- Exercise prompt
An image-free, exact copy of the records below is required.

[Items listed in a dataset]
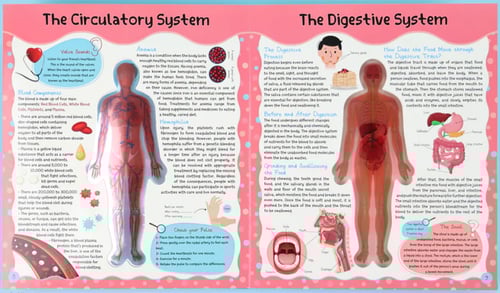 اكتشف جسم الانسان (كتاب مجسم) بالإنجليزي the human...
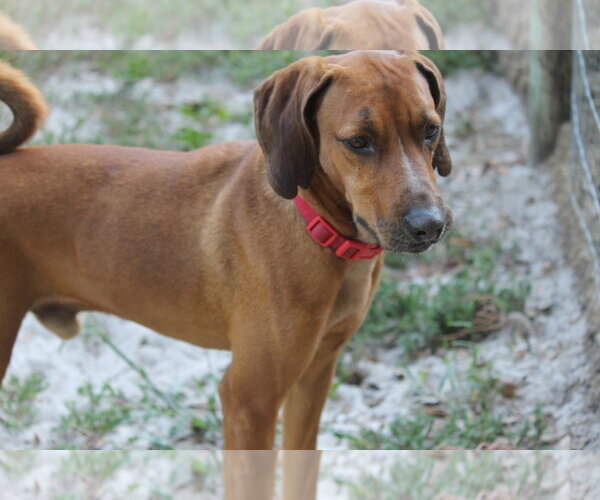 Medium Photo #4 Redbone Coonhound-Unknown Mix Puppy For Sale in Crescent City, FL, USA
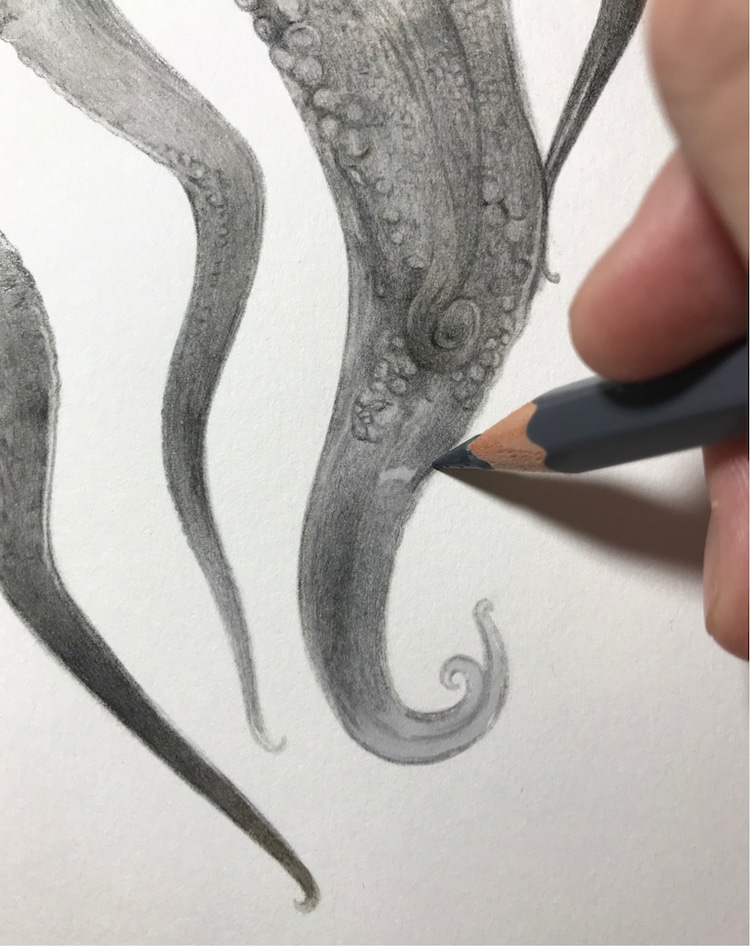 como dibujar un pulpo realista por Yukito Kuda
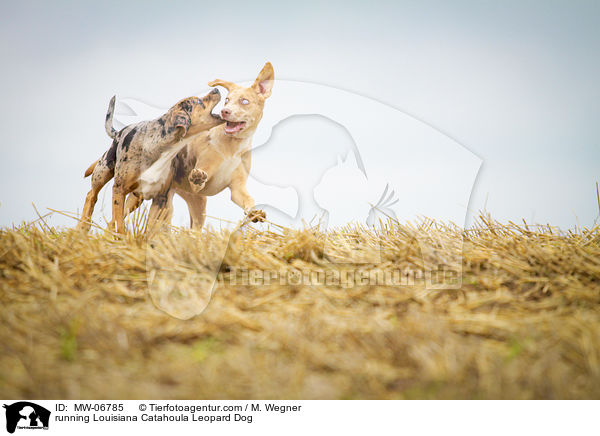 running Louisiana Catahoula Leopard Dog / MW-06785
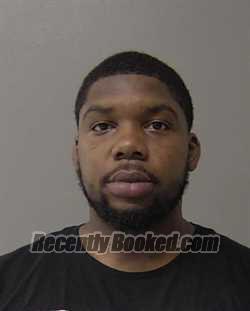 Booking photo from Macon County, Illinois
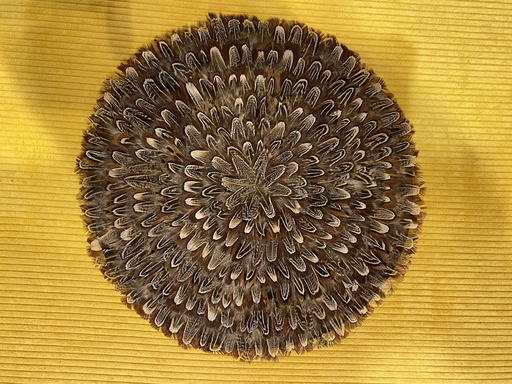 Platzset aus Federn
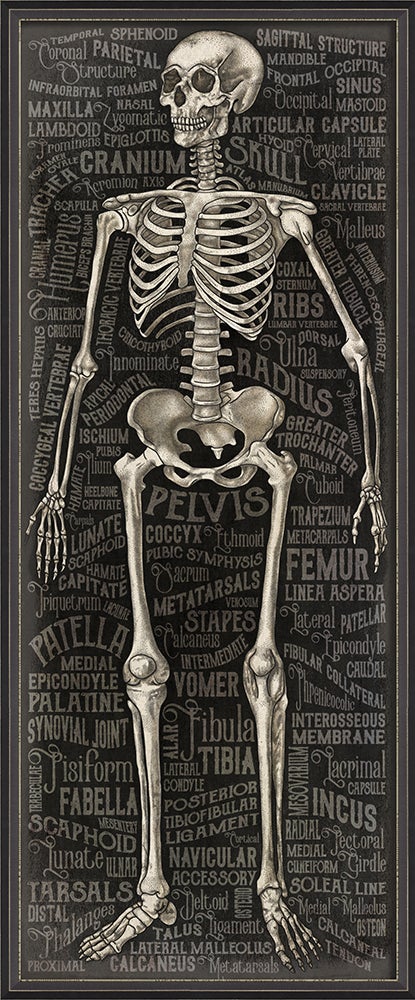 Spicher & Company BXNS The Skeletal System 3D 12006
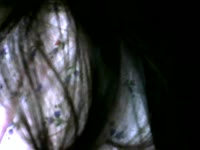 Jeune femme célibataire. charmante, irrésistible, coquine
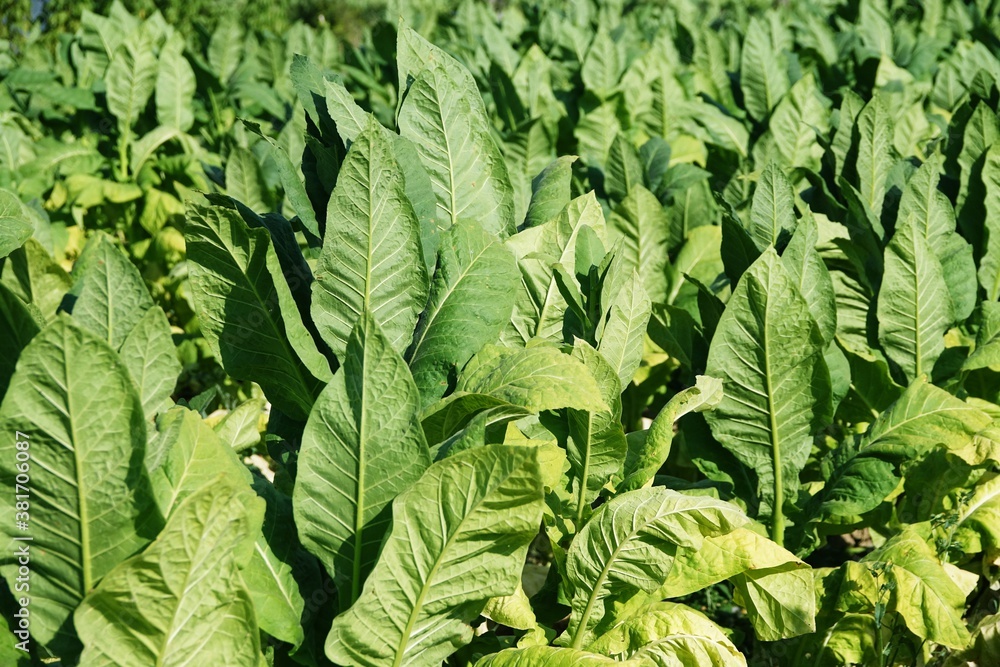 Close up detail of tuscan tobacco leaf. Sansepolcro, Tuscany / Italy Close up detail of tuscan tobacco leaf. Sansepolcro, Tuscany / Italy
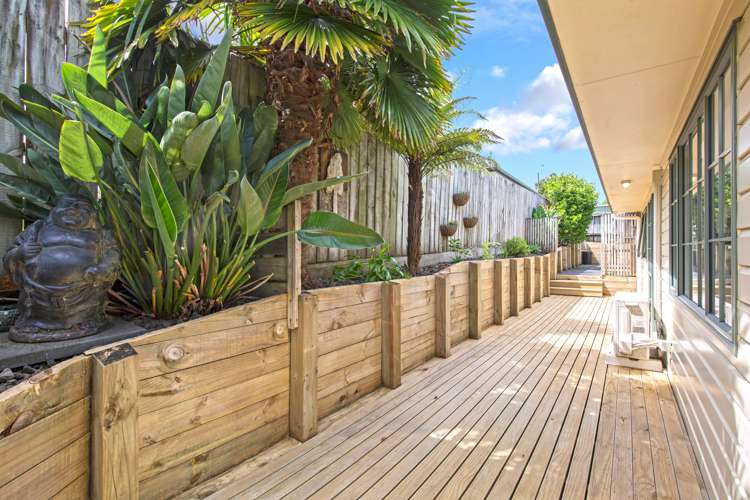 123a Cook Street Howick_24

- Solution below
 اكتشف جسم الانسان (كتاب مجسم) بالإنجليزي the human...
 Medium Photo #4 Redbone Coonhound-Unknown Mix Puppy For Sale in Crescent City, FL, USA
 como dibujar un pulpo realista por Yukito Kuda
 running Louisiana Catahoula Leopard Dog / MW-06785
 Booking photo from Macon County, Illinois
 Platzset aus Federn
 Spicher & Company BXNS The Skeletal System 3D 12006
 Jeune femme célibataire. charmante, irrésistible, coquine
 Close up detail of tuscan tobacco leaf. Sansepolcro, Tuscany / Italy Close up detail of tuscan tobacco leaf. Sansepolcro, Tuscany / Italy
 123a Cook Street Howick_24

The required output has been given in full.